Lead data modeling and engineering across advanced data platforms to achieve digital outcomes, including solution designs for Cloud Data Lake, Data Warehouse, Data Marts, and Data APIs, with ownership of enterprise data quality standards across structured, semi‑structured, and unstructured data domains.
Architect and deliver scalable cloud data solutions leveraging platforms such as Snowflake and associated orchestration/automation patterns; ensure performance, maintainability, reuse across the enterprise, and support for I‑ready workloads including feature and embedding storage.
Lead the design and implementation of cloud‑native architectures, including microservices‑based solutions, containerized workloads (e.g., Kubernetes), and DevOps practices.
Ensure data and AI platforms are deployable, scalable, and operable using modern CI/CD pipelines, infrastructure‑as‑code, and automated environment management
Lead design and implementation of AI models and algorithms (GenAI/LLM-enabled and traditional ML patterns), including model selection/orchestration, agents, RAG-style patterns, and evaluation approaches as appropriate for regulated environments.
Oversee development and execution of test plans/scripts and thorough data validation; implement automated build/test/deploy/monitoring for ETL pipelines and AI components in a CI/CD environment, including automated data quality checks and observability controls.
Drive root cause analysis for production data/AI issues; implement observability, monitoring, and preventative controls to improve quality, reliability, and consistency of data products, pipelines, and vector‑based AI systems.
Collaborate with backend engineering and other technical teams across Digital to deliver end-to-end implementations; document and present methodologies, findings, and outcomes to stakeholders, including data quality metrics and AI solution performance.
Collaborate effectively with contractors and partners to deliver technical enhancements while maintaining architecture standards, documentation quality, and delivery cadence. Provides guidance and may lead/co-lead moderately complex projects.

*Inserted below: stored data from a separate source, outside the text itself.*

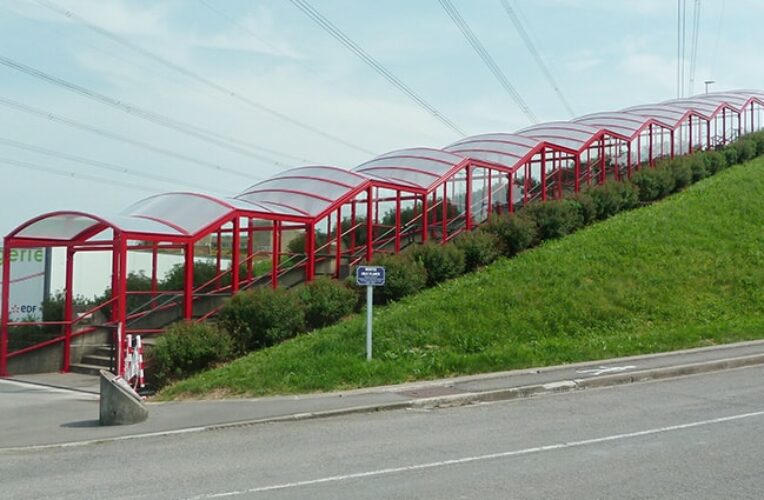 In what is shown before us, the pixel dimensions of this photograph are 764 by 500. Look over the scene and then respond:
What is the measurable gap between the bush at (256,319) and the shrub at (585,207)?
38.4 ft

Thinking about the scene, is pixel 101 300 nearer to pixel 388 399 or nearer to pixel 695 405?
pixel 388 399

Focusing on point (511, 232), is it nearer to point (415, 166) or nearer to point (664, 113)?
point (415, 166)

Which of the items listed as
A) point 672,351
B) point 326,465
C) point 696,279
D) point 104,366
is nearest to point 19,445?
point 326,465

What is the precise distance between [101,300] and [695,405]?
46.6 ft

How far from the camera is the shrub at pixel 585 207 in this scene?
2550cm

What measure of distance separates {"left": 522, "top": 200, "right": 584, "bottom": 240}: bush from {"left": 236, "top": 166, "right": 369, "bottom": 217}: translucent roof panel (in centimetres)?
521

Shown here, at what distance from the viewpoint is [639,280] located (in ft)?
65.4

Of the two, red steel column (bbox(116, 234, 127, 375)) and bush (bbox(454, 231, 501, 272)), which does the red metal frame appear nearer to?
red steel column (bbox(116, 234, 127, 375))

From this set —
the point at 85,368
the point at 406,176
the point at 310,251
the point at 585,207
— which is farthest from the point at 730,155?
the point at 85,368

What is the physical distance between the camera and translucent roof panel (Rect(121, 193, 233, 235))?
18109 mm

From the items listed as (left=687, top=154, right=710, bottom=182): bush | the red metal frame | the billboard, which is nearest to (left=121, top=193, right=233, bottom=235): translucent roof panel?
the red metal frame

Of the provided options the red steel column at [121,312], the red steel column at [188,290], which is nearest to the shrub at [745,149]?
the red steel column at [188,290]

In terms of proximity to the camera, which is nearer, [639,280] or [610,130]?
[639,280]

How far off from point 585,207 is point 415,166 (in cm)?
536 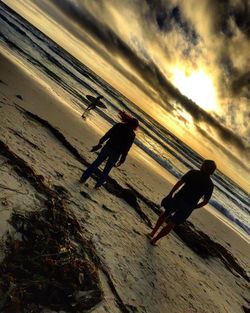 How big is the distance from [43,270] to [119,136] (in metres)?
4.63

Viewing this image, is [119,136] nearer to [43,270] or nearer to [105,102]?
[43,270]

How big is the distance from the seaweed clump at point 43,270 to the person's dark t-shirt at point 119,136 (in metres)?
3.39

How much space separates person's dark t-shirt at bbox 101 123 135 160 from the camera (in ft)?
27.6

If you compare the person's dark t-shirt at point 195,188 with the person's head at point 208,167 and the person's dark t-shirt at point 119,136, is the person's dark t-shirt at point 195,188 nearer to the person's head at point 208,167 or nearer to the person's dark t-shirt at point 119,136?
the person's head at point 208,167

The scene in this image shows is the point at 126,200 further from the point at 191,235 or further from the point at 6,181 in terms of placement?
the point at 6,181

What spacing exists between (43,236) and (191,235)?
6.69m

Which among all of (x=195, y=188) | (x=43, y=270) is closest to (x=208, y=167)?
(x=195, y=188)

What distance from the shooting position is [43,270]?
427cm

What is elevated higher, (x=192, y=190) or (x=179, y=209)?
(x=192, y=190)

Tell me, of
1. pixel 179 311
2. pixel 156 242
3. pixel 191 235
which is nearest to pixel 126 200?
pixel 156 242

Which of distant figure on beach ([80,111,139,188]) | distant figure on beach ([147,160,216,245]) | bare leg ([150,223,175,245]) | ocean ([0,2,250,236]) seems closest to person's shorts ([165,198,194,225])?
distant figure on beach ([147,160,216,245])

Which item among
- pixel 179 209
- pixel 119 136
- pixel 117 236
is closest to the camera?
pixel 117 236

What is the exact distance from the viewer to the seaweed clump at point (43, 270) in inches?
150

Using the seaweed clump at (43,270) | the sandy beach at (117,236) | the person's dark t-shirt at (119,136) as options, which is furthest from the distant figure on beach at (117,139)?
the seaweed clump at (43,270) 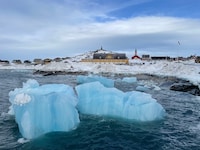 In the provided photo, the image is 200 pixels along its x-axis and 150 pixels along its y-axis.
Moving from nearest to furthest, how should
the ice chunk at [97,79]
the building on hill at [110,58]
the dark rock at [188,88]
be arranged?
1. the dark rock at [188,88]
2. the ice chunk at [97,79]
3. the building on hill at [110,58]

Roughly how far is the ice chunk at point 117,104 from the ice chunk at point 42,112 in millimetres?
3142

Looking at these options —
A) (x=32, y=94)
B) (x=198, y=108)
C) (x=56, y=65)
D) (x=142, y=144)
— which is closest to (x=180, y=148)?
(x=142, y=144)

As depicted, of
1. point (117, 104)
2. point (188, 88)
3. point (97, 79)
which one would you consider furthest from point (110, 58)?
point (117, 104)

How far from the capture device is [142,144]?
12102 millimetres

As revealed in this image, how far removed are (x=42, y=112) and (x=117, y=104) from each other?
4.96 meters

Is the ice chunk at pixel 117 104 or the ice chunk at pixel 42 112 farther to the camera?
the ice chunk at pixel 117 104

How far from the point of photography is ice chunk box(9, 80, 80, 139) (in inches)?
497

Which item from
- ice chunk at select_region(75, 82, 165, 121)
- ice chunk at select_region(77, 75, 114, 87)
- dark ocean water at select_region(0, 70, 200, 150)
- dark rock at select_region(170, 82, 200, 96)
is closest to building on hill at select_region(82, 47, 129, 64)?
ice chunk at select_region(77, 75, 114, 87)

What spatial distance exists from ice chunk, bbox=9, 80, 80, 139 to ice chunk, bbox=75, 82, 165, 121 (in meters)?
3.14

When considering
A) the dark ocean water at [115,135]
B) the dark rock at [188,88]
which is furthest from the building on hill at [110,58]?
the dark ocean water at [115,135]

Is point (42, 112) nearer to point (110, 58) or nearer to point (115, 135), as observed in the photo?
point (115, 135)

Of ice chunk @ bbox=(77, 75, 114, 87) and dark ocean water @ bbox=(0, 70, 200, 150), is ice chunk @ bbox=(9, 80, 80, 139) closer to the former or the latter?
dark ocean water @ bbox=(0, 70, 200, 150)

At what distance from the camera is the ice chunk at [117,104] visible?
15.8 m

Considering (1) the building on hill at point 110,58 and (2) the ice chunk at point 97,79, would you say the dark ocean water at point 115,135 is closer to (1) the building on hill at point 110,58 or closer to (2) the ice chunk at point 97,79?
(2) the ice chunk at point 97,79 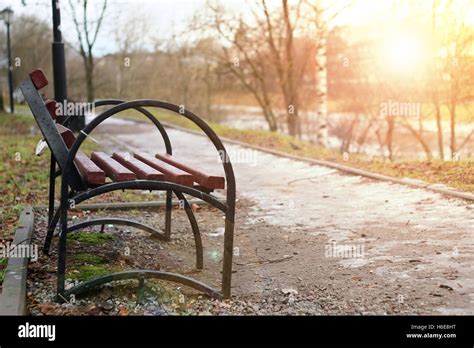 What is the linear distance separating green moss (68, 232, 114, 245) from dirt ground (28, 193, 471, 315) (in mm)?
69

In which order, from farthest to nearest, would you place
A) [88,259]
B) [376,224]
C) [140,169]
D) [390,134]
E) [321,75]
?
[390,134] → [321,75] → [376,224] → [88,259] → [140,169]

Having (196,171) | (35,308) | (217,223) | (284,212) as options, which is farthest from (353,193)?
(35,308)

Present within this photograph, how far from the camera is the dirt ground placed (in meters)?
3.52

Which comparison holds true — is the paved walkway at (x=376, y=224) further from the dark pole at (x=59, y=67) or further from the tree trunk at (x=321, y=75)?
the tree trunk at (x=321, y=75)

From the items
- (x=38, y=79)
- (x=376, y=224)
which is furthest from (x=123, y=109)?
(x=376, y=224)

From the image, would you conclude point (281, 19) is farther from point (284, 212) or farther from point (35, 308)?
point (35, 308)

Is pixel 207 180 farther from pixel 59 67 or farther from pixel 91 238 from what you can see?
pixel 59 67

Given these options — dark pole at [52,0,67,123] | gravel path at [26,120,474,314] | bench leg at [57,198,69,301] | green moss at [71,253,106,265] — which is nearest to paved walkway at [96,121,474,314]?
gravel path at [26,120,474,314]

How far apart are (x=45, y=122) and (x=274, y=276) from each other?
1.84 meters

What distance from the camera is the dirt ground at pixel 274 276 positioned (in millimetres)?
3518

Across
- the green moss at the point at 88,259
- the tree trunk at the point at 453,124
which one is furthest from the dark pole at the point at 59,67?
the tree trunk at the point at 453,124

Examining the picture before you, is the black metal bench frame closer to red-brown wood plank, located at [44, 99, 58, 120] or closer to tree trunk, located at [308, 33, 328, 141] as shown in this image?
red-brown wood plank, located at [44, 99, 58, 120]

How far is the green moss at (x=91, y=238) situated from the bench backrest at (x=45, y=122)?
115 cm

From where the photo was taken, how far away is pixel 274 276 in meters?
4.21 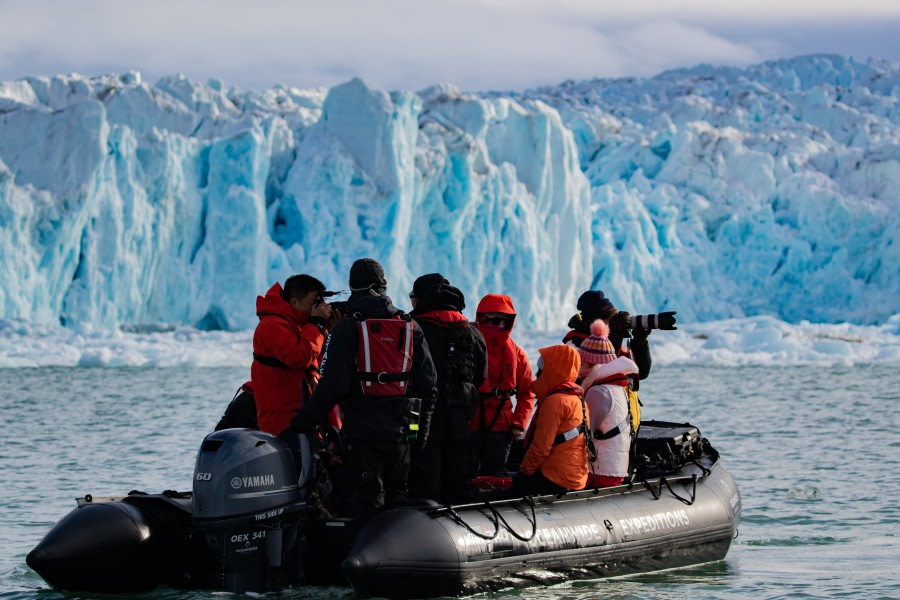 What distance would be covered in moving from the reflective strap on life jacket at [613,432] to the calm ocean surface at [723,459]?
30.4 inches

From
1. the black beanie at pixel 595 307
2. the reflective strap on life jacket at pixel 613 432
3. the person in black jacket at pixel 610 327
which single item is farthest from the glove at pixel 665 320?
the reflective strap on life jacket at pixel 613 432

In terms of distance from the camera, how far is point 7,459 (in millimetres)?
12555

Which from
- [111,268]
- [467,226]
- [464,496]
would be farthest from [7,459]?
[467,226]

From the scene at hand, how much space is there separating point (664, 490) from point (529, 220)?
2485 centimetres

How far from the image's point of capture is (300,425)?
5461mm

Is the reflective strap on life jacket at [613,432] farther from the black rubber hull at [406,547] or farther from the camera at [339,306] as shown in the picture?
the camera at [339,306]

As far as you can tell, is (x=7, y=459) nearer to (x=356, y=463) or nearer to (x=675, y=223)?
(x=356, y=463)

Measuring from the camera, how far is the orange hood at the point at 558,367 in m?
6.01

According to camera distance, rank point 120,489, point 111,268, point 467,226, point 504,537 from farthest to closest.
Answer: point 467,226, point 111,268, point 120,489, point 504,537

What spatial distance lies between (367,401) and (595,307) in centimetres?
188

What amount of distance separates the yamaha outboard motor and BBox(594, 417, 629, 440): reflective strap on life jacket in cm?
179

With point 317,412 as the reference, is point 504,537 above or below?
below

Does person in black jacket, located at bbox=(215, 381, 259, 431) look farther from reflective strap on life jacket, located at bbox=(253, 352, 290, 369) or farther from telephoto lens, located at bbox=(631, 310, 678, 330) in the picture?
telephoto lens, located at bbox=(631, 310, 678, 330)

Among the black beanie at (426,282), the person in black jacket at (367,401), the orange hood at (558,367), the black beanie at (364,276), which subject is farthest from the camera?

Stay current on AI/ML advancements and apply them to enterprise initiatives; identify reusable components and patterns that accelerate delivery across teams, including unstructured data processing and vector‑based retrieval approaches, that accelerate delivery across teams.
Requirements
Bachelor’s degree (Master’s preferred) in Computer Science, Data/AI/ML, Engineering, or related field
4+ years in data engineering/architecture (or equivalent), including modern data warehousing, modeling, and transformations; 2+ years delivering GenAI & AI/ML solutions in production (preferred)
Strong Python engineering (production coding, packaging, testing), plus strong SQL
Snowflake: data modeling, performance patterns, security concepts, and operational usage
Experience designing and operating cloud‑native platforms , including microservices architectures, containerization (e.g., Kubernetes), and DevOps practices such as CI/CD, automated deployments, and environment management
Cloud architecture for data platforms (e.g., Azure/AWS), including storage, compute, identity, and networking fundamentals
Building/operating ETL/ELT pipelines with CI/CD automation, monitoring, and data quality controls
Demonstrated experience implementing enterprise data quality standards, including validation, observability, monitoring, and lineage across structured, semi‑structured, and unstructured data.